Depuis quelques décennies (eh oui !, déjà !), Christophe Arleston démontre son talent pour la création d’univers bien particuliers, de mondes aux fonctionnements toujours étonnant, peuplés de héros, de personnages attachants. Dès le début cependant, comme a pu le faire Pierre Christin avec Laureline dans Valerian, le scénariste a fait des femmes les véritables porteuses de l’intrigue, les forces vives et positives des récits. Arleston a toujours donné à celles-ci le rôle moteur de ses histoires, les plaçant comme les véritables héroïnes de ses aventures, même si le titre de la série revenait à un mâle, authentique antihéros. Il ne fait pas exception avec cette série où Fourmille assure l’essentiel de l’action, laissant à ceux qui l’accompagnent des rôles de second couteau.
Ehkö est une copie de la Terre, mais sans l’électricité, peuplée de Preshauns, d’étranges créatures qui veillent au bon fonctionnement de ce monde. Fourmille Gratule était dans un avion pour New York avec, pour voisin de siège, Yuri Podrov un informaticien, lorsqu’ils basculent dans Ekhö.
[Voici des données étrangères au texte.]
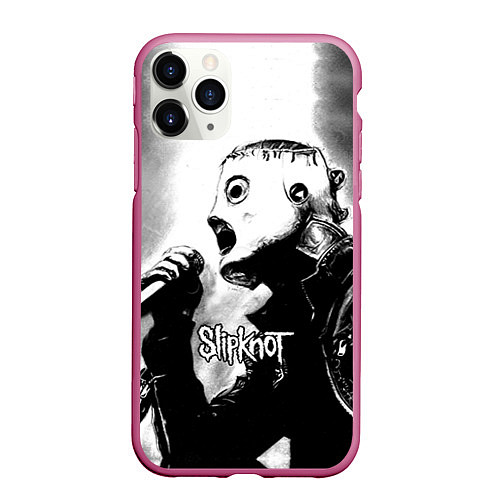 Чехол iPhone 11 Pro матовый Slipknot / 3D-Малиновый – фото 1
L’arrivée de la jeune femme perturbe l’équilibre d’autant que celle-ci se trouve régulièrement habitée par les fantômes de personnes décédées récemment dont elle doit résoudre les problèmes pour retrouver sa personnalité. Sigisbert de Motafiume est un jeune Preshaun, clerc de notaire, chargé de veiller à ce que la présence de Fourmille ne déséquilibre pas le monde miroir.
Ce cinquième volet des mésaventures de la belle héroïne s’ouvre alors qu’elle est en route pour le Vatishaun à Rome sur le Couine-Marée II. Elle a décidé ce voyage pour rencontrer Sa Sainteté Pontificale et tenter de comprendre ce qu’elle fait dans cet univers. Sur le bateau, le comte Francisco Castiglione-Borghese, un riche romain lui fait une cour assidue à laquelle elle répond, provoquant l’agacement de Yuri. Sigsibert, quant à lui, est inquiet. Quelqu’un les surveille de près, un Preshaun qui ne lui dit rien qui vaille. À Rome, Fourmille est confrontée au grand secret que cache les Prehauns et découvre qu’elle est une pièce dans un jeu politique dont elle ignore tout…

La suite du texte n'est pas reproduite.